Work to complete: Copy each line of the data below, character for character.

-------- Data extract --------

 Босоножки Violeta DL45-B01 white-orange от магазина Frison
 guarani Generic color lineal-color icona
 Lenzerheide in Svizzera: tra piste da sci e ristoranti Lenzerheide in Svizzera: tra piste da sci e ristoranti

--------

Solution:
 Босоножки Violeta DL45-B01 white-orange от магазина Frison
 guarani Generic color lineal-color icona
 Lenzerheide in Svizzera: tra piste da sci e ristoranti Lenzerheide in Svizzera: tra piste da sci e ristoranti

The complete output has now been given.